In this benchmark we're just going to look at the options provided by the open-source cheminformatics tool RDKit. From the documentation, they offer 7 different built-in fingerprinting approaches:

RDKit Fingerprints
Atom Pairs
Topological Torsions
MACCS keys
Morgan/Circular
Pattern
Extended Reduced Graphs

Benchmark dataset

To get a fair estimate of the speed of generating these fingerprints, we need a dataset of small molecule compounds to use as a benchmark. In this case, we downloaded the ChEMBL database (2,136,187 molecules) and sampled 5000 random molecules using the following python code:

  
    import time
    import random
    from rdkit import Chem

    benchmark_molecules = list()

    # load the molecules as a generator object
    chembl_mols = Chem.SDMolSupplier('chembl_30.sdf')

    # sample 5000 random molecules with a constant seed for reproducibility
    random.seed(42)

    total_molecules = 2136187

    benchmark_set_indexes = random.sample(range(1, total_molecules), 5000)

    for index in benchmark_set_indexes:
        benchmark_molecules.append(chembl_mols[index])

Then for each fingerprint, we can use this function to time three runs of fingerprinting the whole benchmark set:

  
    def time_fingerprint(fingerprint, radius):
        seconds = list()
        for i in range(3):
            start = time.time()
            if radius is None:
                fingerprints = [fingerprint(mol) for mol in benchmark_molecules]
            else:
                fingerprints = [fingerprint(mol, radius) for mol in benchmark_molecules]
            end = time.time()
            run_time = end - start
            seconds.append(run_time)
        return seconds

    times = dict()

RDKit Fingerprints:

  
    times['RDKit'] = time_fingerprint(Chem.RDKFingerprint, None)

Atom Pair Fingerprints:

  
    from rdkit.Chem.AtomPairs import Pairs
    times['AtomPair']= time_fingerprint(Pairs.GetAtomPairFingerprint, None)

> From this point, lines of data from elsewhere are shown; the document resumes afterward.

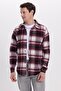 Men's Slim Fit slim fit checkered winter lumberjack shirt - 4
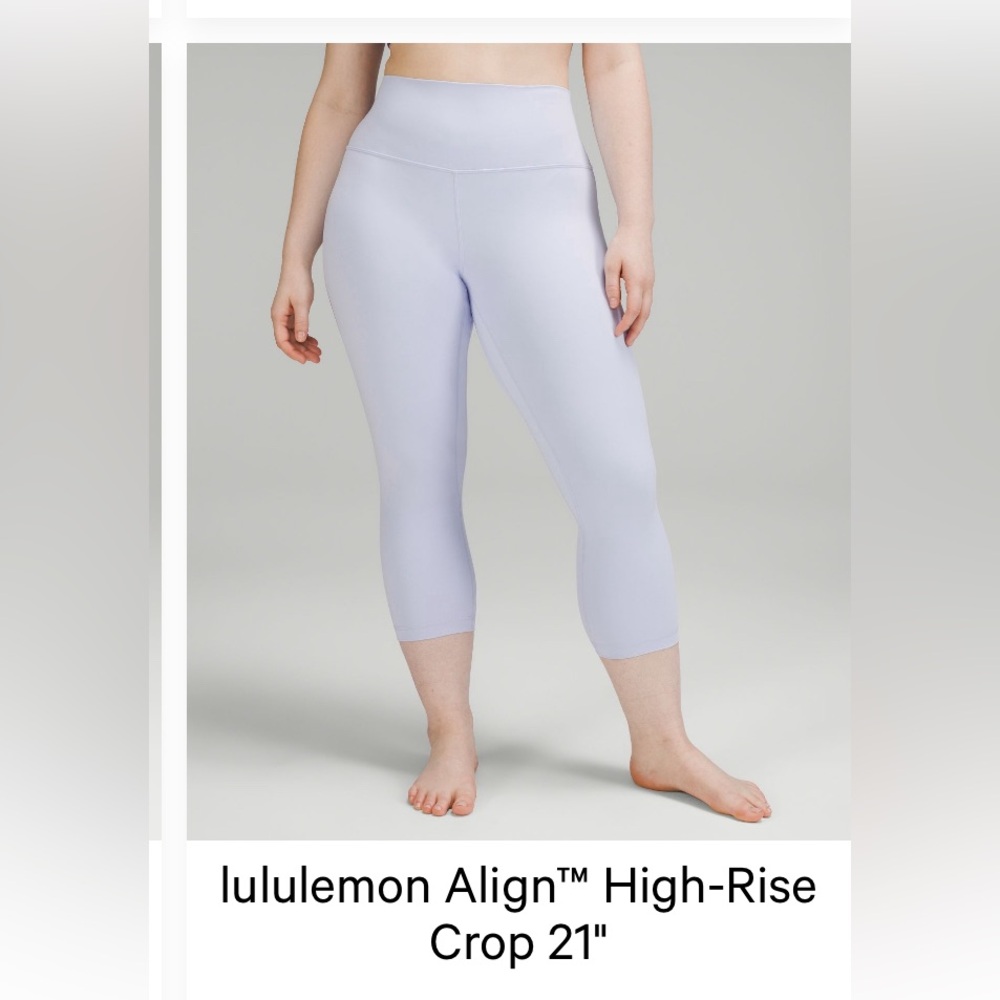 Lululemon Align 21”cropped leggings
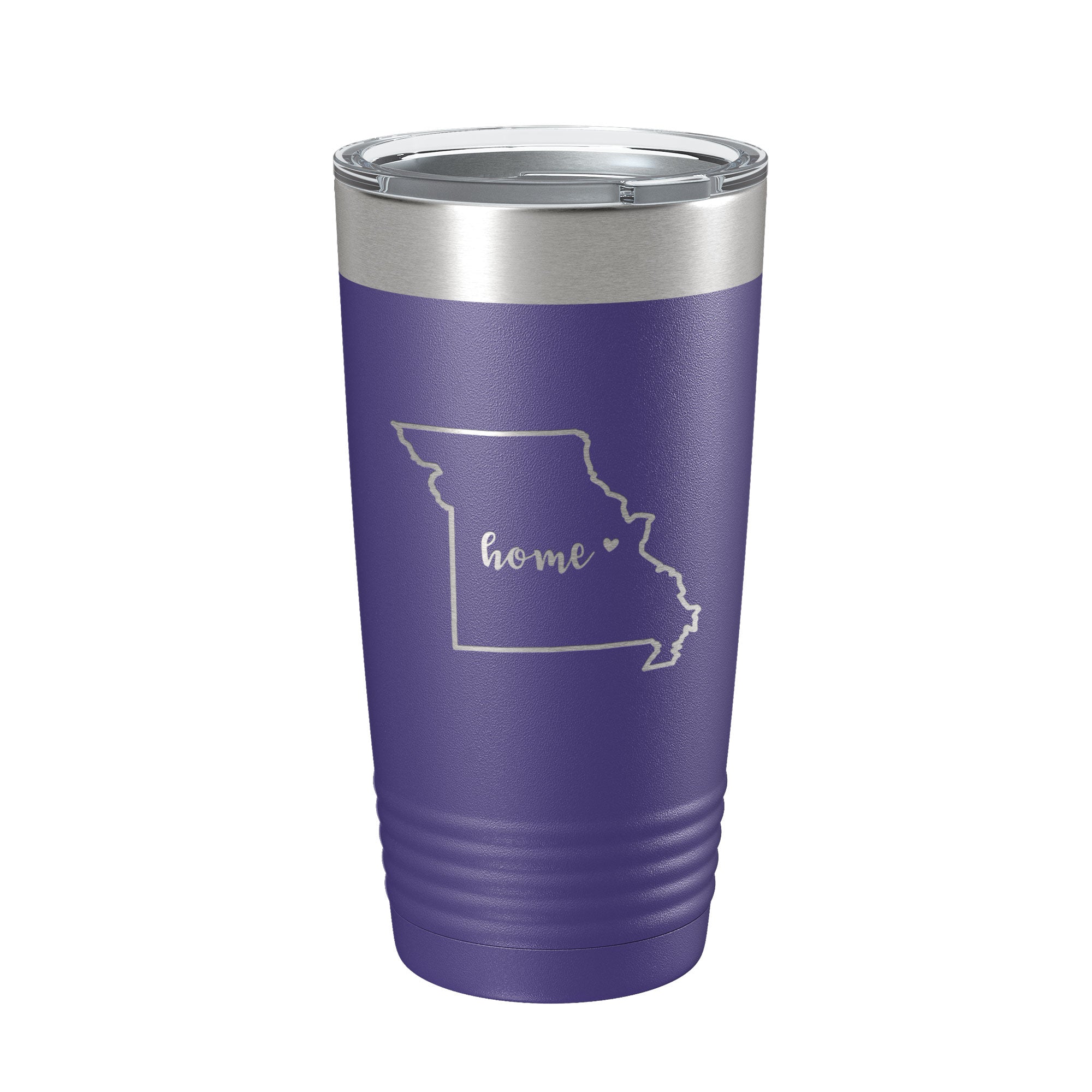Missouri Tumbler Home State Travel Mug Insulated Laser Engraved Map Coffee Cup 20 oz-15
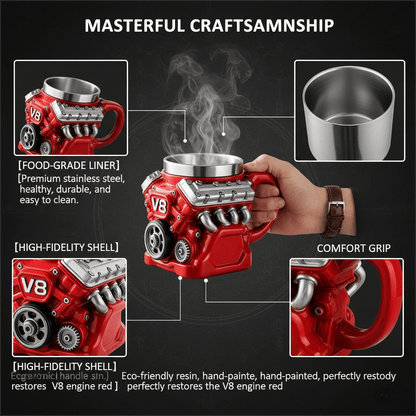 ⚡✨Ultimate V8 Engine Gift Mug & A Gearhead's Dream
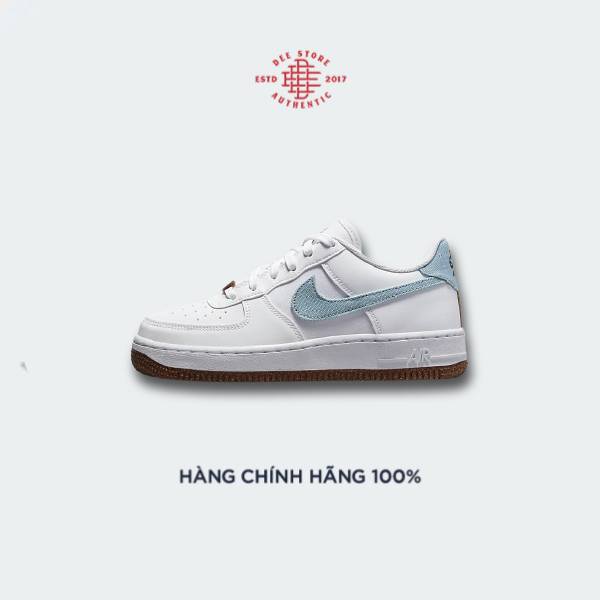 Giày Thể Thao Sneaker Nữ Nike Air Force 1 Low LV8 Indigo (GS) - Deestore VN
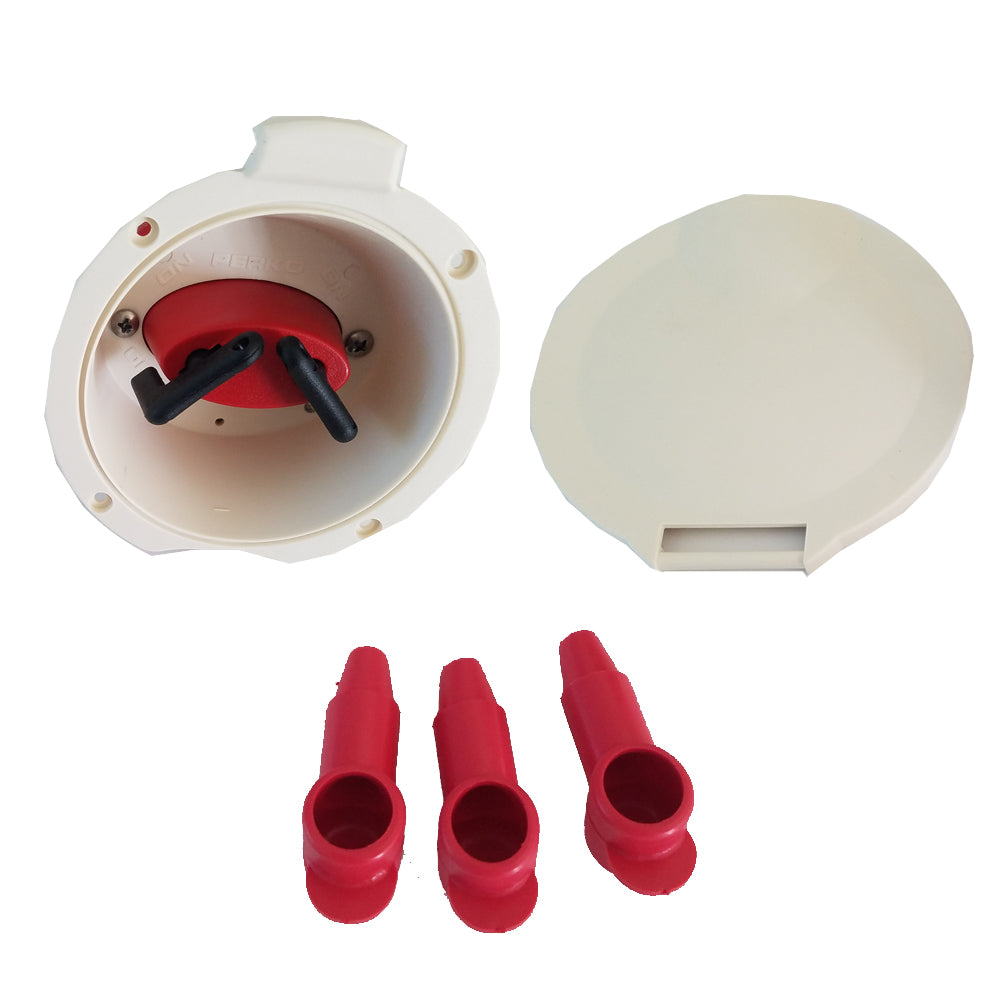 Perko Dual Battery Selector Switch  Cup Mount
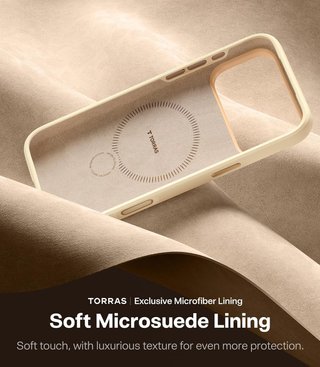 TORRAS Ostand funda silicona iPhone 17 Pro Max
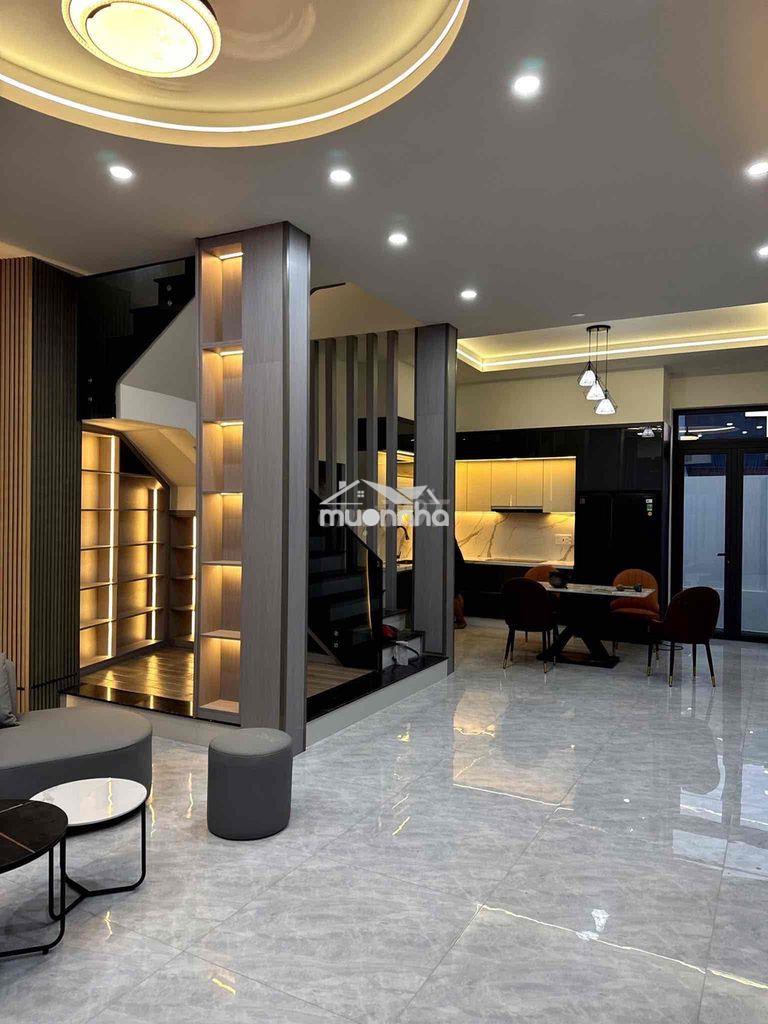 Cho thuê nhà 1trệt 2lầu mới 100% căn góc 3phòng ngủ sân4 ô tô phú hoà - 4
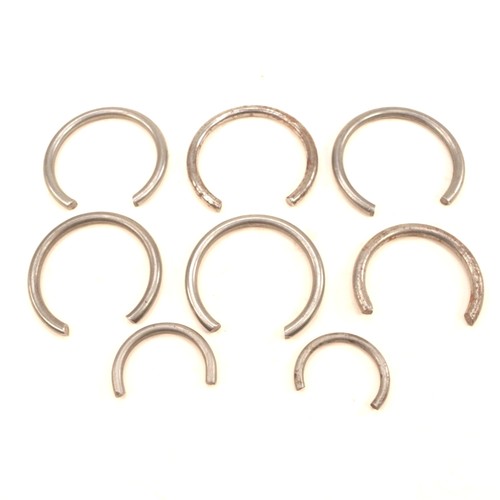 Clock mainspring clamps - clock,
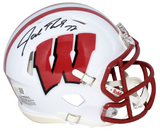 JOE THOMAS AUTOGRAPHED WISCONSIN BADGERS SPEED MINI HELMET JSA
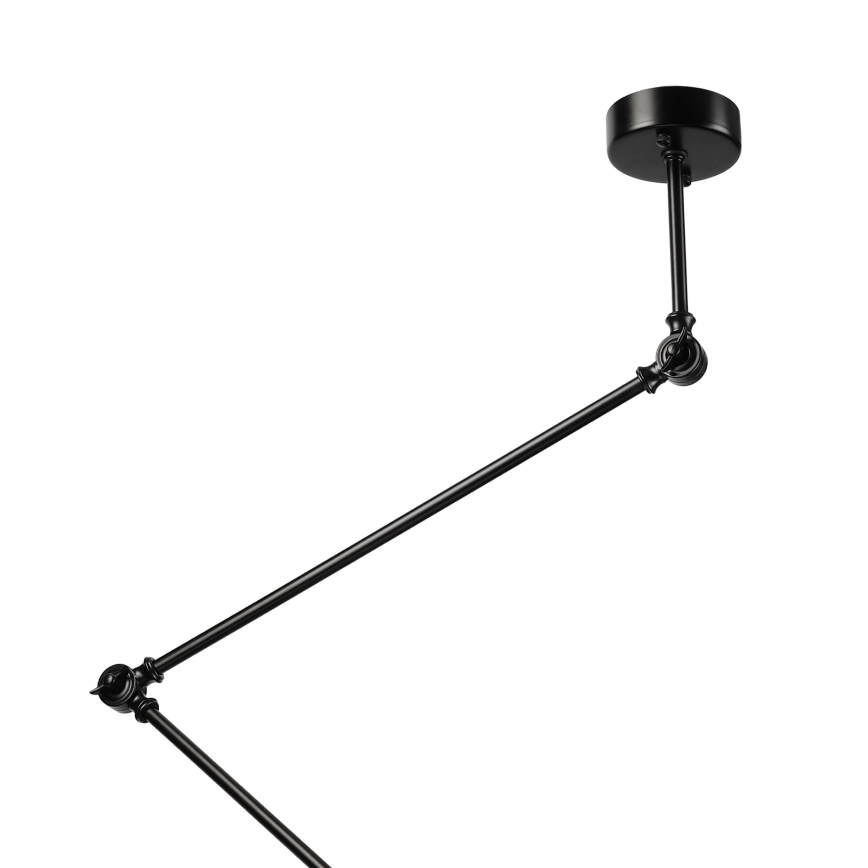 Brilagi - Lampadario LED su asta IRONBEAM 1xE27/60W/230V nero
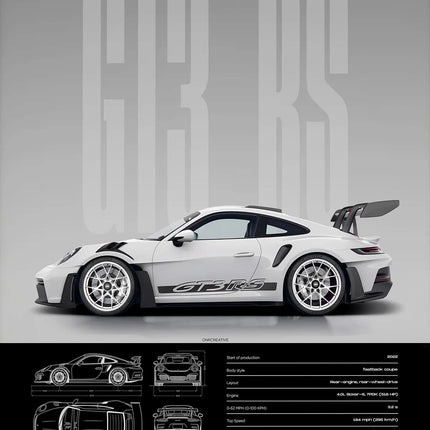 Minimalist 911 GT3-RS 718 GT4 RS Hyper Car Sports Car Supercar Poster Canvas Painting Wall Art Pictures Home Interior Decor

Topological Torsion Fingerprints:

  
    from rdkit.Chem.AtomPairs import Torsions
    times['Torsions'] = time_fingerprint(Torsions.GetTopologicalTorsionFingerprintAsIntVect, None)

Morgan Fingerprints:

  
    from rdkit.Chem import AllChem
    times['Morgan'] = time_fingerprint(AllChem.GetMorganFingerprint, 2)

MACCS Fingerprints:

  
    from rdkit.Chem import MACCSkeys
    times['MACCS'] = time_fingerprint(MACCSkeys.GenMACCSKeys, None)

ErG Fingerprints:

  
    from rdkit.Chem import rdReducedGraphs
    times['ERG'] = time_fingerprint(rdReducedGraphs.GetErGFingerprint, None)

Pattern Fingerprints:

  
    from rdkit.Chem import rdmolops
    times['Pattern'] = time_fingerprint(rdmolops.PatternFingerprint, None)

Benchmark Results

We can then plot the average times to see which fingerprint would be the most efficient when fingerprinting a huge library of small molecules

    
      import numpy as np
      import matplotlib.pyplot as plt

      arrays = [np.asarray(v) for v in times.values()]
      means = [np.mean(a) for a in arrays]
      s_means = np.sort(means)
      sort_indexes = [np.where(mean == means)[0][0] for mean in s_means]
      sdevs = [np.std(arrays[i]) for i in sort_indexes]
      labels = [list(times.keys())[i] for i in sort_indexes]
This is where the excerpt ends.